I also heard of guys using 1/8" dia. x 1/8" long (or maybe a little longer?) rare-earth magnets. These can be installed after track laying and/or ballasting. Install a pair at each uncoupling location by drilling 1/8" dia. holes between the ties and right inside the rails, if memory serves.

Highly recommend NOT installing these magnets anywhere close to on or near the beginning or end of any grades. You won't be happy.

*Mixed Freight Bonus Tip* for the weak of mind (kinda' like myself, ya' know what I mean? ):
For guys with Kato Unitrack, Bachmann E-Z Track, Atlas Tru-Track, or any other track with plastic, built-in road bed................
You can do the exact same with rare-earth magnets. Cut small pieces of 1/8" thick cork to fit underneath the roadbed. Punch a pair of holes in the cork directly underneath the rail locations, then glue the cork in place underneath the plastic roadbed. Place a pair of magnets in the cork, and Wah-Lah! Instant uncoupling section!!!


----------



## GNfan (Jun 3, 2016)

Mixed Freight said:


> For guys with Kato Unitrack, Bachmann E-Z Track, Atlas Tru-Track, or any other track with plastic, built-in road bed................

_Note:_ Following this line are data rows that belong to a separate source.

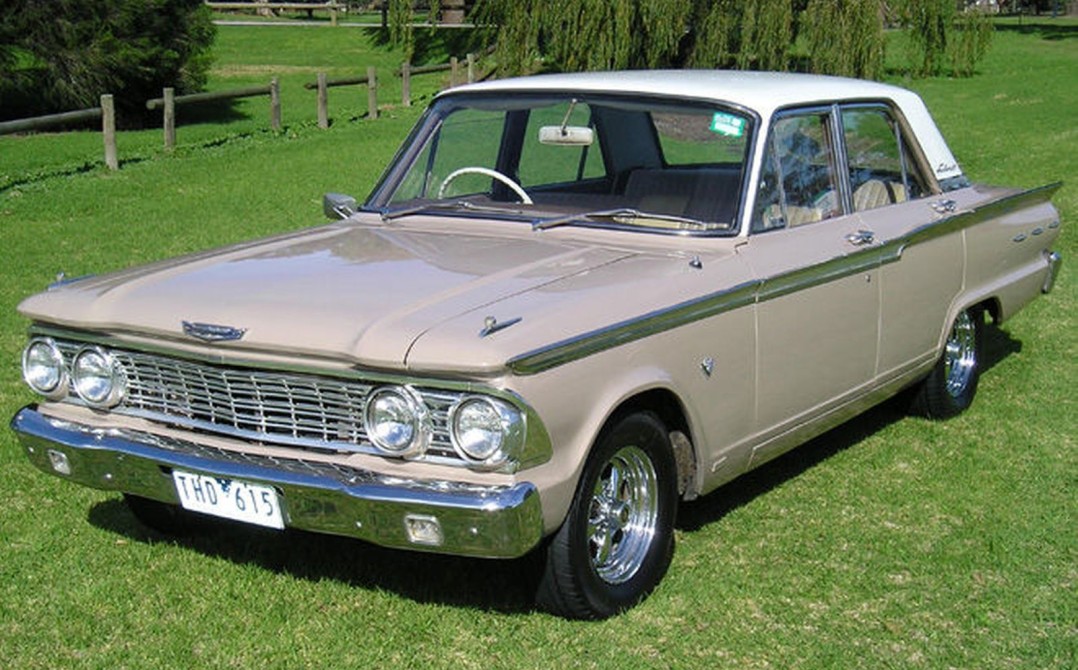 Compact Fairlane, precursor to Australia's V8 Valiants, Falcons and Holdens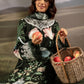 3 Pc Unstitched Embroidered Arabic Lawn Suit | MB-PFUS25-04A
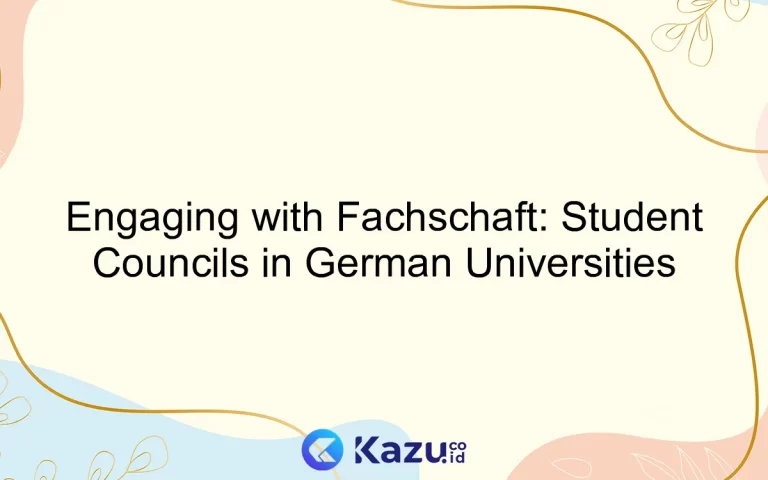 Engaging with Fachschaft: Student Councils in German Universities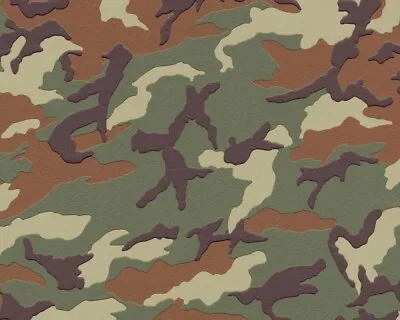 AS Creation Boys And Girls Brown Green Army Camouflage Wallpaper 369406 • £18.19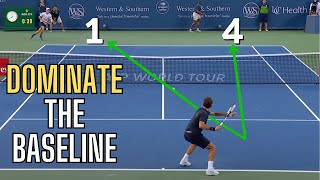 Top singles strategy for winning more tennis matches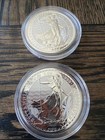  2  1 Ounce Silver Brittania   s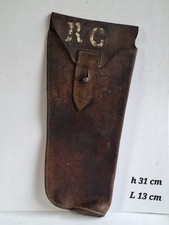 Militaria WW2 Fodero / Fondina cuoio Regio Esercito 2gm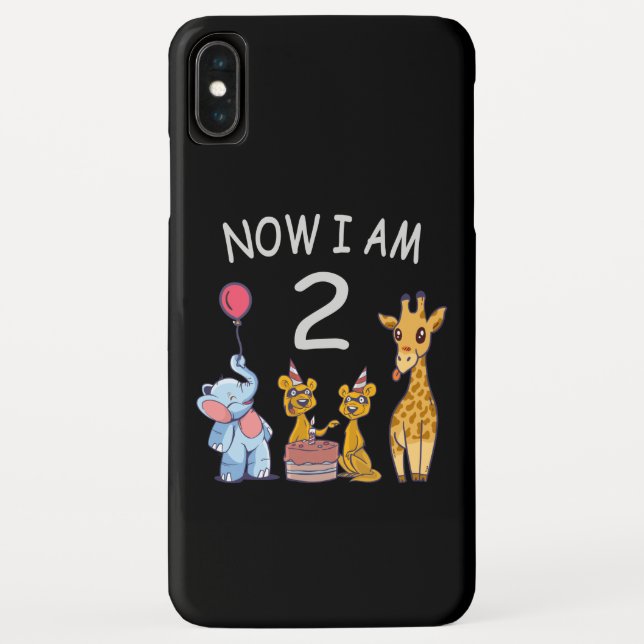 Coques Case-Mate iPhone Maintenant, j'ai 2 ans 2e anniversaire au Zoo (Dos)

Bachmann sells something like that. It comes with a brakeman figure to put next to the track so you don't forget where the magnet is. And FYI, the now 30-year old factory decoupling track I have with the magnet above the ties was made with a 5" straight piece of good ol' Atlas Code 83 sectional track.


----------



## 65446 (Sep 22, 2018)

*traction fan* (above)
I too saw the same display about, must be, 50 or more years ago at a train convention while I was on the road with a music group !! I've a very faint memory of the display..
It was very early analog N scale, somehow automated, and an engine or engines were spotting cars on it, demonstrating the Kadee delayed action coupler..
I remember It running and working flawlessly...I was so impressed with this, it's all I remember from the whole convention !


----------



## geoffschupp (Dec 7, 2021)

With the REMs, does polarity figure in the equation ? That is, does one magnet need to have N up and the other N down ? I seem to have less success with the round 1/4" x 1/8" REMs - I have tried on a test track. What is your experience ?


----------



## Viperjim1 (Mar 19, 2015)

I don’t know if you want or have access to Kato , but they make an uncoupling piece of track with the magnet installed already between the rails.


----------



## geoffschupp (Dec 7, 2021)

Viperjim1 said:


> I don’t know if you want or have access to Kato , but they make an uncoupling piece of track with the magnet installed already between the rails.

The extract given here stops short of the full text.